Wie aber klingt Schumann á la Janowski denn nun? Die oben genannte Aufnahme des orchestral durchaus gewichtigen Violinkonzerts, die mir durch glückliche Umstände vorliegt, empfand ich seinerzeit dirigentisch unauffällig. Tatsächlich ist Janowskis Ansatz auch bei den Sinfonien kein euphorisch-ekstatischer wie weiland derjenige des unvergessenen Leonard Bernstein. Dies muss per se nichts grundsätzlich Verkehrtes sein. Fraglos trägt die unstrittige langjährige Erfahrung Janowskis dazu bei, dass er bei der nunmehrigen Neueinspielung durchaus den Schumann’schen Tonfall trifft und nicht versucht, dem Erzromantiker die Romantik auszutreiben, wie dies manche Vertreter der HIP-Bewegung ohne nachhaltigen Erfolg taten. Die Tempi, die Janowski anschlägt, vermeiden die Extreme; weder wird gehetzt noch verschleppt. Die zum Zuge kommende Dresdner Philharmonie erweist sich als zugleich voll tönender wie auch beweglicher Klangkörper. Detailfreudiges Hervorheben gerade lyrischer Momente ist eine Stärke dieser Lesart. Andererseits fehlen die orchestralen Ausbrüche, etwa im Kopfsatz und bei der Überleitung zum Finale der Vierten, wie sie einst Wilhelm Furtwängler in seiner legendären DG-Einspielung maßstäblich und wie in Stein gemeißelt vorlegte.

Zur Frühlingssinfonie hat Janowski offenbar – wie oben schon erwähnt – ein besonders enges Verhältnis. Seine geradlinige Lesart der Mitte bestätigt den allgemein vorherrschenden Eindruck, dass ein Bis-an-die-Grenzen-Gehen gar nicht beabsichtigt ist. Die Tiefgründigkeit eines Otto Klemperer (EMI), der zumal im Kopfsatz ein überlebensgroßes Klanggemälde entstehen lässt, bleibt unerreicht. Von der überschwänglichen Lebensfreude, die an Botticellis Primavera denken lässt und die musikalisch in der zu Unrecht vergessenen Einspielung Hans Swarowskys (Audio Fidelity) mustergültig umgesetzt scheint, ist Janowski ein gutes Stück entfernt. Am stärksten gelingt ihm das verinnerlichte Larghetto.

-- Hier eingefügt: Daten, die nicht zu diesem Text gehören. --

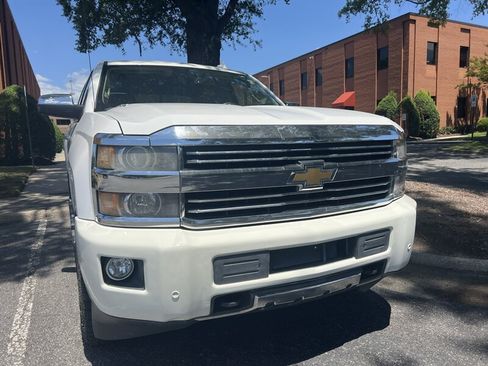 Used 2015 Chevrolet Silverado 2500 High Country w/ Duramax Plus Package AWD/4WD image 2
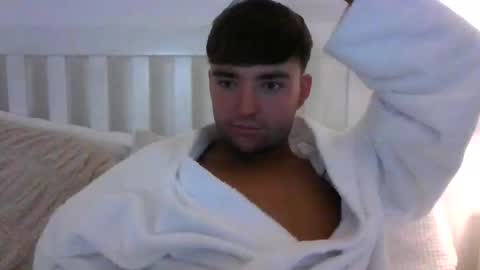 jamiesparkz online show from December 16, 2025, 6:35 pm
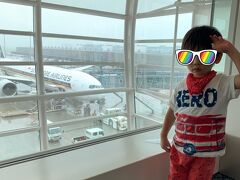 朝食が終わり、DUTY FREEを物色するも、
息子は「ひこーき、みーたーいぃぃっ！」と大騒ぎ。
ささっと買い物を済ませ、ラウンジへ。
飛行機を沢山観られて、ご機嫌なご様子。
ソフトドリンク等フリーで頂けます。
割と早い時間帯でしたが、結構混雑していました。

こちらに置いてあったペーパーおしぼりが厚め且つ大判で、
使いやすかったので、何個か拝借。（笑）
旅行中大変役立ちました・・・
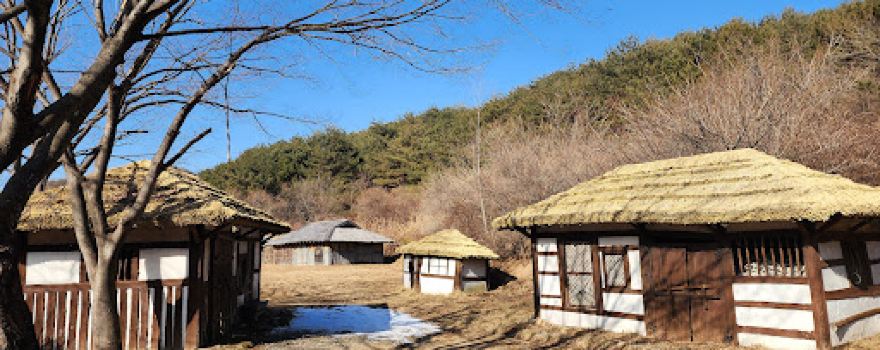 Hwawangsan thatched field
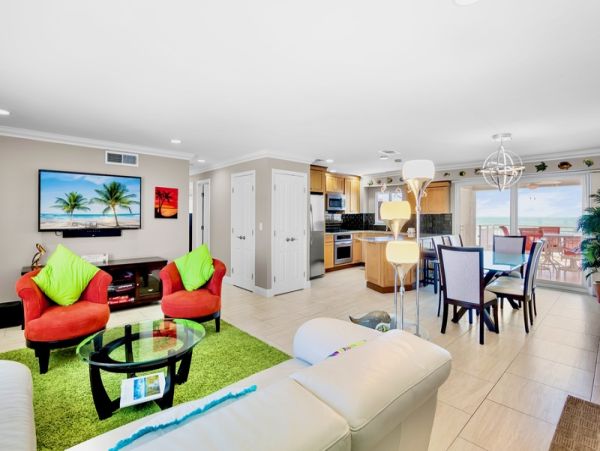 Siesta Key 2 Bedroom Vacation Condo with Ocean Views
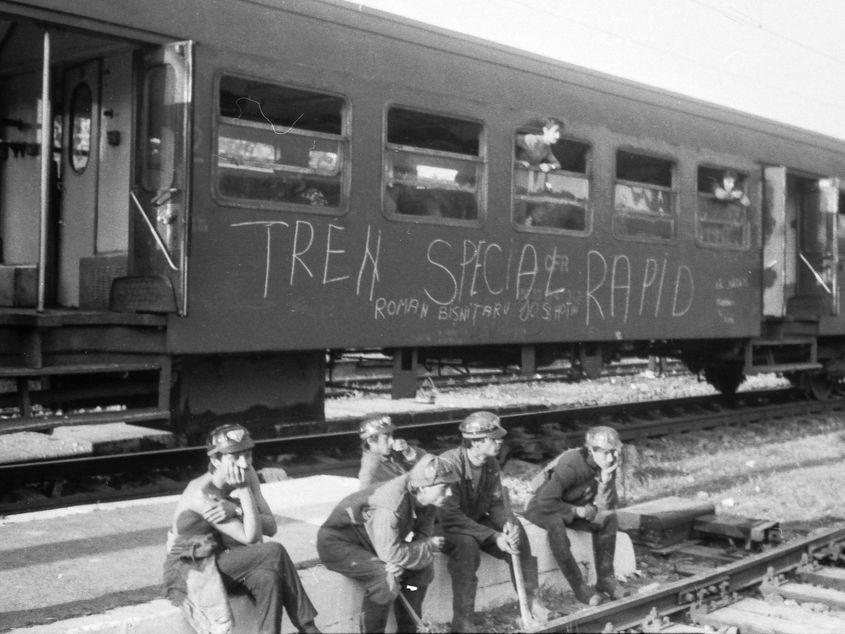 Minerii duşi cu trenurile la Bucureşti în vara lui 1990 au fost hrăniți de către Ministerul Apărării Naționale, la solicitarea Guvernului. Foto: Mediafaxfoto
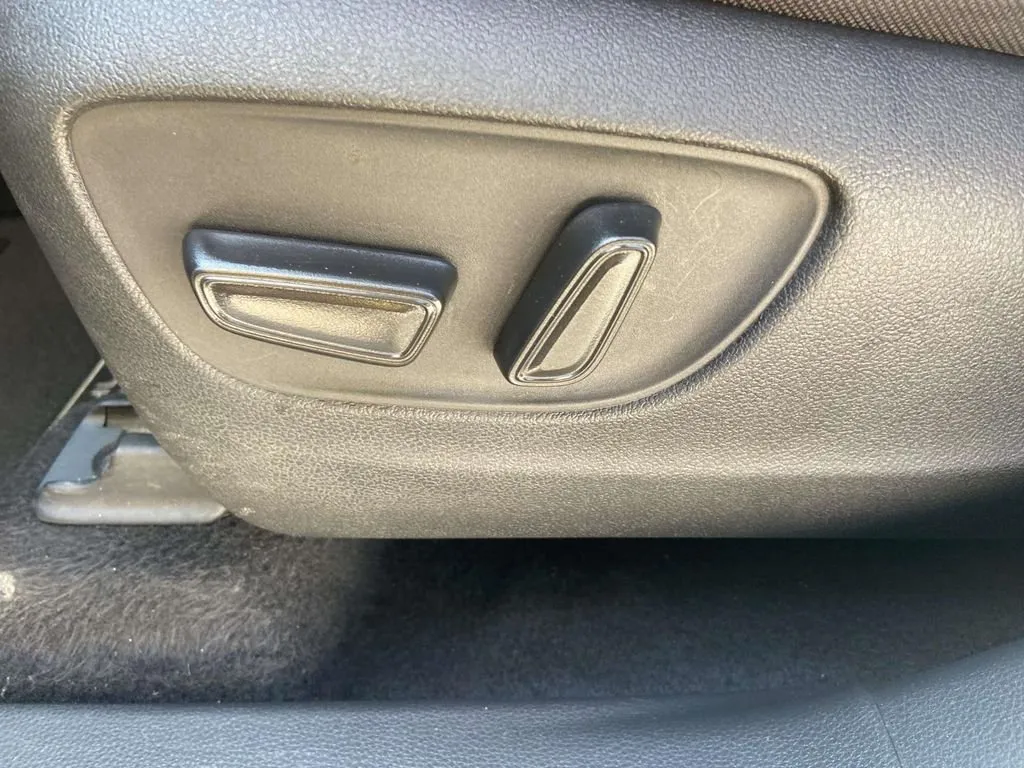 2022 Toyota Highlander LE thumbnail 17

Mehr und mehr beschleicht einen das Gefühl, dass das etwas pauschal geratene Klangbild seinen Anteil daran hat, dass Verhaltenheit vorherrscht und der Funke nur stellenweise überspringen will (aufgenommen wurde zwischen Mai 2021 und Juni 2023 im Kulturpalast Dresden). Nahezu erwartbar, kann auch in der als schwierig geltenden Sinfonie Nr. 2 – laut Günter Wand „ein krankes Werk“ – der langsame Satz, das großartige Adagio espressivo, am ehesten punkten. Die unbändige Überzeugungskraft des genannten Bernstein (CBS und DG), aber auch diejenige des eigentlich als nüchtern geltenden Ernest Ansermet (Decca) wird zumal in den Ecksätzen nicht entfesselt.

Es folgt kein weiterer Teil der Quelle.